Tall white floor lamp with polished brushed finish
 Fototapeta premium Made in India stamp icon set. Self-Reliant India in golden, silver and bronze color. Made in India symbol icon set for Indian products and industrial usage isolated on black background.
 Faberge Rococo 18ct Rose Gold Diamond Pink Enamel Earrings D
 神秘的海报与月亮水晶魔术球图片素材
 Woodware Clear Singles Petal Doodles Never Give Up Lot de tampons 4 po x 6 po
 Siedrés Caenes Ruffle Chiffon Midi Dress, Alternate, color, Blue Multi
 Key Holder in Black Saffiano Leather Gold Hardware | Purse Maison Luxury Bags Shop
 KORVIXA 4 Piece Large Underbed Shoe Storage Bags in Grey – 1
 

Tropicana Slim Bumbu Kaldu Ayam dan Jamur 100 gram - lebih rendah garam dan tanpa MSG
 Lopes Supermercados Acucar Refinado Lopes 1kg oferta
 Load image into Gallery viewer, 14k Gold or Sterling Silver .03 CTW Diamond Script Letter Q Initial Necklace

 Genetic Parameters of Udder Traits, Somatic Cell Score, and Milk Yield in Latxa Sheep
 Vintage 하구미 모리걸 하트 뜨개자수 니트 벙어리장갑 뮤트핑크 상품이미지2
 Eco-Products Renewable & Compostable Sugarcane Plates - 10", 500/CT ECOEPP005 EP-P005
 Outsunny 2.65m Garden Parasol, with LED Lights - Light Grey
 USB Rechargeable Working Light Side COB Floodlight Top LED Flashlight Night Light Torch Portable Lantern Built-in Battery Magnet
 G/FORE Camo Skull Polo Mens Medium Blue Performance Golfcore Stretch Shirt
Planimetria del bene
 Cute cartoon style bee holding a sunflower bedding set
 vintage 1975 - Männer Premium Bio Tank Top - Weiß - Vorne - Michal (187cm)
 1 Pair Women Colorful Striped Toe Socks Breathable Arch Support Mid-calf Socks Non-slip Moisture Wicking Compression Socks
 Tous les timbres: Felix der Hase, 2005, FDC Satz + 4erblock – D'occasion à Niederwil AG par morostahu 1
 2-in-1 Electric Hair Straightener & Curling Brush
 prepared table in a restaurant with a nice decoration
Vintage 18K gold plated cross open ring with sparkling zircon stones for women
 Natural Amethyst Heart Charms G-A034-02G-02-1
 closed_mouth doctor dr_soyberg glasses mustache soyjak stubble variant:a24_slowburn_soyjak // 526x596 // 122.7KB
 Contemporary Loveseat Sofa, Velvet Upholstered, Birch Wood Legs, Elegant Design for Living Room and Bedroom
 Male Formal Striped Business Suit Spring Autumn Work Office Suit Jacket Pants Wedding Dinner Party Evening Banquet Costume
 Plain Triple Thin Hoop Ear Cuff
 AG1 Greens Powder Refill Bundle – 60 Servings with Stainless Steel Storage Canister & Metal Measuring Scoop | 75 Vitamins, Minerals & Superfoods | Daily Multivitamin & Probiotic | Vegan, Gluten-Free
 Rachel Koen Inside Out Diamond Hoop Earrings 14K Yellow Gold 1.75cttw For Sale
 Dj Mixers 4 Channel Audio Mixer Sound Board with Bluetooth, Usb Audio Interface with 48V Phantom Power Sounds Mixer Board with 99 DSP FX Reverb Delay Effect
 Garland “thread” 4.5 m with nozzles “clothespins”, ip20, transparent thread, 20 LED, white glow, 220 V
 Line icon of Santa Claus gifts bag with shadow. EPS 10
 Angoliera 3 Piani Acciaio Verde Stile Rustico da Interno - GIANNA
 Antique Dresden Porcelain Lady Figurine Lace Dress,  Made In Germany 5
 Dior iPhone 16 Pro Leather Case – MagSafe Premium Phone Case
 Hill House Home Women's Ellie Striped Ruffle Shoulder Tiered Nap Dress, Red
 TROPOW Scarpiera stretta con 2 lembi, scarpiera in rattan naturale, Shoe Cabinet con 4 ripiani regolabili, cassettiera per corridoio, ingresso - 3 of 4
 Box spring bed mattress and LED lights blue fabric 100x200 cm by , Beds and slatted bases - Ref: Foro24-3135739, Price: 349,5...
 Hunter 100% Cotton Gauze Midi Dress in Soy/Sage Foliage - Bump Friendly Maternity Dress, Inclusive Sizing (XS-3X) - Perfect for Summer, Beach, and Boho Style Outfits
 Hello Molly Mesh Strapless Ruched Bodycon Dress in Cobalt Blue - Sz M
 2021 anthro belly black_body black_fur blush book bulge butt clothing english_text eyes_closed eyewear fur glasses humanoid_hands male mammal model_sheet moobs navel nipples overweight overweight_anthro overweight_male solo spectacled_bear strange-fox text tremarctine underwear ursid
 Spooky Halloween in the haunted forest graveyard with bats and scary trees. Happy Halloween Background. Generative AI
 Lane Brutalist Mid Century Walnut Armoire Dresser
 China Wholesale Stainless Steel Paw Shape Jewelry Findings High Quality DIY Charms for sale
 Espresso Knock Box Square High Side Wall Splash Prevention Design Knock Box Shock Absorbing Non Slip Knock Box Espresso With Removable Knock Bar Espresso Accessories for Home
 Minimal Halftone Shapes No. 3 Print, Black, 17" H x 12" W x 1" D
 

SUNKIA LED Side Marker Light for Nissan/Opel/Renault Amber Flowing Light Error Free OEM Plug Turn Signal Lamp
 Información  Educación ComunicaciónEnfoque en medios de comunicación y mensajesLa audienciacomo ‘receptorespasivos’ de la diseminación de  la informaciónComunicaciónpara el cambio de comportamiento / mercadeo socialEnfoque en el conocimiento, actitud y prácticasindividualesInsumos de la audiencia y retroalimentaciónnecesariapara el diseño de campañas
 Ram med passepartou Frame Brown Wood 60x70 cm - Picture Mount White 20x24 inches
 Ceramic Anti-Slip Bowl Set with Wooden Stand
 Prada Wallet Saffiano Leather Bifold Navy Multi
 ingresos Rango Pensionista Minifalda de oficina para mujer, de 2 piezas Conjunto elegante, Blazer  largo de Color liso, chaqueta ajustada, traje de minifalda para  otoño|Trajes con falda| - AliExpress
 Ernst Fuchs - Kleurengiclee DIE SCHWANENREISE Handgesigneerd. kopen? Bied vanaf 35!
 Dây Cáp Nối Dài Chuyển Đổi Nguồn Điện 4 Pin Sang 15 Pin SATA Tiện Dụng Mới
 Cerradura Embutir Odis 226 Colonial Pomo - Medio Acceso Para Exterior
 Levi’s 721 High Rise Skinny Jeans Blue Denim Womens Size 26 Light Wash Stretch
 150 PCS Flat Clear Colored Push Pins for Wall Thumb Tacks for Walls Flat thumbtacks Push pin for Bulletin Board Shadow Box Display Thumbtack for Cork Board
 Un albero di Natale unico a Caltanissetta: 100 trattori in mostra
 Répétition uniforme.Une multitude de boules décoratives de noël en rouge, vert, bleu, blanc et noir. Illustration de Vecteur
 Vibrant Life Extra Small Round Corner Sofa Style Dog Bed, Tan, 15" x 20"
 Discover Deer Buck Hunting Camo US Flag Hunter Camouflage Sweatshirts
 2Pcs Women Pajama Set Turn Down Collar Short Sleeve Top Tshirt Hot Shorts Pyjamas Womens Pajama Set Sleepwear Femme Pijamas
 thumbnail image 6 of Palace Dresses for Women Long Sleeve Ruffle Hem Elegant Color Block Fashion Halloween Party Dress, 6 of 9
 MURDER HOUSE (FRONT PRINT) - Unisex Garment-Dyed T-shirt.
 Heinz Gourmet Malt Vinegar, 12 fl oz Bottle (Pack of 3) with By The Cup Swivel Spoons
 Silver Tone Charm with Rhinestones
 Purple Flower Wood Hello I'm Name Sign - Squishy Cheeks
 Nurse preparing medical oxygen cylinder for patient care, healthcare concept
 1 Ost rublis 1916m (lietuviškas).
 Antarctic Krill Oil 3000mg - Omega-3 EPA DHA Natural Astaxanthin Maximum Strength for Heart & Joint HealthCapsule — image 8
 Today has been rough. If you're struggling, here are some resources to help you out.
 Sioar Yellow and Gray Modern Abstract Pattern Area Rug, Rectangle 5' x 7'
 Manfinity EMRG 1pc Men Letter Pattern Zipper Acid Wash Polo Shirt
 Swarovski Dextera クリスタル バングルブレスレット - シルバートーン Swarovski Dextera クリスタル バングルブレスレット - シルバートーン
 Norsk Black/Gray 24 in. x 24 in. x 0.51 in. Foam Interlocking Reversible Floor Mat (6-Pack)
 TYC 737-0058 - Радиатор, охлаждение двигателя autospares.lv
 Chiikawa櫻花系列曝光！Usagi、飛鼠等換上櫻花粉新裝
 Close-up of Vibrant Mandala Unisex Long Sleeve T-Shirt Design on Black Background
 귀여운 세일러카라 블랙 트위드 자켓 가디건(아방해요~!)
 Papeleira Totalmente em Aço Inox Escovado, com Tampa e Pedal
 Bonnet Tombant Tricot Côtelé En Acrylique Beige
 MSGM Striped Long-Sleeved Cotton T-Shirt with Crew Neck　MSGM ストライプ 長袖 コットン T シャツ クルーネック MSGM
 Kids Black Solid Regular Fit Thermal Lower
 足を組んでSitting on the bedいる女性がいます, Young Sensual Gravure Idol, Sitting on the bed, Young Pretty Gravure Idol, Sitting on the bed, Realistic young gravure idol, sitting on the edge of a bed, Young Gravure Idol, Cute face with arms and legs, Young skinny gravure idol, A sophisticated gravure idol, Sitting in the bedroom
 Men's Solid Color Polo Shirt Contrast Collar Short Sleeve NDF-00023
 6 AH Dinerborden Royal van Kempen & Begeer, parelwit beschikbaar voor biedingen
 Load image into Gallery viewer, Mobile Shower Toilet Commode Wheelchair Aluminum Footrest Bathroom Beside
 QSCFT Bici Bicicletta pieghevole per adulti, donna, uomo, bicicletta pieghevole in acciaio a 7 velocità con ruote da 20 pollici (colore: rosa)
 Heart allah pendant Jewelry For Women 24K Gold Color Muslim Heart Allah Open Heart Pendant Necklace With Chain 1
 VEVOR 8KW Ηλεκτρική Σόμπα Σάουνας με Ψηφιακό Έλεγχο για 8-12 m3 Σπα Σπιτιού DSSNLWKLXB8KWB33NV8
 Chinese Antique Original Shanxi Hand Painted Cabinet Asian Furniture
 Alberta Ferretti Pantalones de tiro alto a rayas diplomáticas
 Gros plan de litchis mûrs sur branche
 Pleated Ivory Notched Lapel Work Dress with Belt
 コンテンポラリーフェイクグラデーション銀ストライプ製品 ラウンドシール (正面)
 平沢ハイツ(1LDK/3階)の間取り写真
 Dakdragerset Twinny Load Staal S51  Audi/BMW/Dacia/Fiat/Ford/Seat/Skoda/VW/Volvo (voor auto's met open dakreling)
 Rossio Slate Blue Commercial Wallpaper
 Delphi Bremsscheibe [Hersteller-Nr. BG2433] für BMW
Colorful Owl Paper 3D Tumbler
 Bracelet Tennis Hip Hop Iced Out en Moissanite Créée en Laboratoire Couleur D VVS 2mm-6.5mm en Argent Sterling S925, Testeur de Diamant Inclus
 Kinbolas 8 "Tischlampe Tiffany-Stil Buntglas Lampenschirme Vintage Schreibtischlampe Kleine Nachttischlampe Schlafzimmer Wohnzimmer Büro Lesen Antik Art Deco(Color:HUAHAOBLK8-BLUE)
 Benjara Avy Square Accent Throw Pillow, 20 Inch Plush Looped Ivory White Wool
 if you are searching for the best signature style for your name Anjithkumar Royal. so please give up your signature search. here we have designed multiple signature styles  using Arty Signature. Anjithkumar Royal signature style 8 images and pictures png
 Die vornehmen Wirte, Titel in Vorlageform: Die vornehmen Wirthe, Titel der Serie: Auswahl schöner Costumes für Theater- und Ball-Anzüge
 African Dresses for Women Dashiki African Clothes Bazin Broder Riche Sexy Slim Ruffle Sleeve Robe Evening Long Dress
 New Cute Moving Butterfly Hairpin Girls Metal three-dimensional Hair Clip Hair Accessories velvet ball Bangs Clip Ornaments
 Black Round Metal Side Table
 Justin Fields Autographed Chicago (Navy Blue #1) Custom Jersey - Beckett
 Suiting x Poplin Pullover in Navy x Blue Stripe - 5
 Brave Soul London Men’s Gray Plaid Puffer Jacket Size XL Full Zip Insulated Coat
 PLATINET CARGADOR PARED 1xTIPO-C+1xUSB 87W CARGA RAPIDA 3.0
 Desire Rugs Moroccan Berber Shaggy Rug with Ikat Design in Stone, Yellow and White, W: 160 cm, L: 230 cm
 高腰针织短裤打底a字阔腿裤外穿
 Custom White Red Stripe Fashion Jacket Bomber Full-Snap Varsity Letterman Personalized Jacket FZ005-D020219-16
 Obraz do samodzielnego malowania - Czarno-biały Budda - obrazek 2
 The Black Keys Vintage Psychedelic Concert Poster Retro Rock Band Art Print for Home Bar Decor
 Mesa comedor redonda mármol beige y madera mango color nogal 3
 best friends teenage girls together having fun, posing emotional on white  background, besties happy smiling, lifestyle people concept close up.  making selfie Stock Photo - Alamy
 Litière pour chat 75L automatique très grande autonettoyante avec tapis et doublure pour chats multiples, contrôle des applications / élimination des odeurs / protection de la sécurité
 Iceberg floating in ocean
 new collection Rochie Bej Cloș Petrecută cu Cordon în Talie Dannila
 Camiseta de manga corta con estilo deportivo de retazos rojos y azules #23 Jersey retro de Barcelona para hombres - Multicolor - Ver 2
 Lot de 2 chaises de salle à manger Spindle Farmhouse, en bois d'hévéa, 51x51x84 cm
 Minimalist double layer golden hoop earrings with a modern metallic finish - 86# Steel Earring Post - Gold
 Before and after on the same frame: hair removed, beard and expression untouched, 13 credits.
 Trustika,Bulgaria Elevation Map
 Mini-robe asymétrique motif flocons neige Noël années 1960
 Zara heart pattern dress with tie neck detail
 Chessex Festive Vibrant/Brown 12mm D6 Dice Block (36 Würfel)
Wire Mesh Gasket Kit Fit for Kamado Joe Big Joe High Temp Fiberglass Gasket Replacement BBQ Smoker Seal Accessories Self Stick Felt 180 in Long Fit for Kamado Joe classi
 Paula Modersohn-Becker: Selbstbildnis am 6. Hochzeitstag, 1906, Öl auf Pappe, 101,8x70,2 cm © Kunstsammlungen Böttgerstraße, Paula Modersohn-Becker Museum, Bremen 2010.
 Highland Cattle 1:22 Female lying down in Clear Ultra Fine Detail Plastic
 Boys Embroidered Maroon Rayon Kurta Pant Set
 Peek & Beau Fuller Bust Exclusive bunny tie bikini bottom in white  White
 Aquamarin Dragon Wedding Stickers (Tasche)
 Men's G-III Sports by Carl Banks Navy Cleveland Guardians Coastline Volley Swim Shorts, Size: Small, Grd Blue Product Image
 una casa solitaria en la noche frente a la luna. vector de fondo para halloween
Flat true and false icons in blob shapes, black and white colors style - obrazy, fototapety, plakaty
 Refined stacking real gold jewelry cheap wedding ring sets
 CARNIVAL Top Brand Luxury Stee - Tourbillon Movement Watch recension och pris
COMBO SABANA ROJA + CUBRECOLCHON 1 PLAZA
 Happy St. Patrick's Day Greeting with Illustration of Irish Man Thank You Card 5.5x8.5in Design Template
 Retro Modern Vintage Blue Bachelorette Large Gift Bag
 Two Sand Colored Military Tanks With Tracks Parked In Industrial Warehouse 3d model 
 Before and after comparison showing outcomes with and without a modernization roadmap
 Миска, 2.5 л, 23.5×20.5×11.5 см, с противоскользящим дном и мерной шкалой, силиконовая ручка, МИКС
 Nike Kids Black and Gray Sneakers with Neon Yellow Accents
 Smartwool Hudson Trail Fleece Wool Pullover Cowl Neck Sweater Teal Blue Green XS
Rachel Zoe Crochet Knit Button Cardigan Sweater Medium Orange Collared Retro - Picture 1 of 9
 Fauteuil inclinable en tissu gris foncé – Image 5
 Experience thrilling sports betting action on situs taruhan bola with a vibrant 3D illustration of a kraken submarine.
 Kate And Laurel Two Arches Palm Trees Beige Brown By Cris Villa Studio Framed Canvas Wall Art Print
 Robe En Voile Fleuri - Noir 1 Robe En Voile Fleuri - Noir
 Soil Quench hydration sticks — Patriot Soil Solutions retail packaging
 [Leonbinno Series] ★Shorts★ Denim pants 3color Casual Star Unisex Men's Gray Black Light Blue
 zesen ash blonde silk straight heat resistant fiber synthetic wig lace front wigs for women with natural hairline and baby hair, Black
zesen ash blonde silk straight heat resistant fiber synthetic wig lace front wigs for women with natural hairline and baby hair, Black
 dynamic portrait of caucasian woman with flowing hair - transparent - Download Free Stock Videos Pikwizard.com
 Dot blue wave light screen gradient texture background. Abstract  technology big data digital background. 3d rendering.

------------------------------------------------------------------------

What is being asked: Across the whole listing above, find every line with the string "Shoe" and copy it.

Solved exercise:
 KORVIXA 4 Piece Large Underbed Shoe Storage Bags in Grey – 1
 TROPOW Scarpiera stretta con 2 lembi, scarpiera in rattan naturale, Shoe Cabinet con 4 ripiani regolabili, cassettiera per corridoio, ingresso - 3 of 4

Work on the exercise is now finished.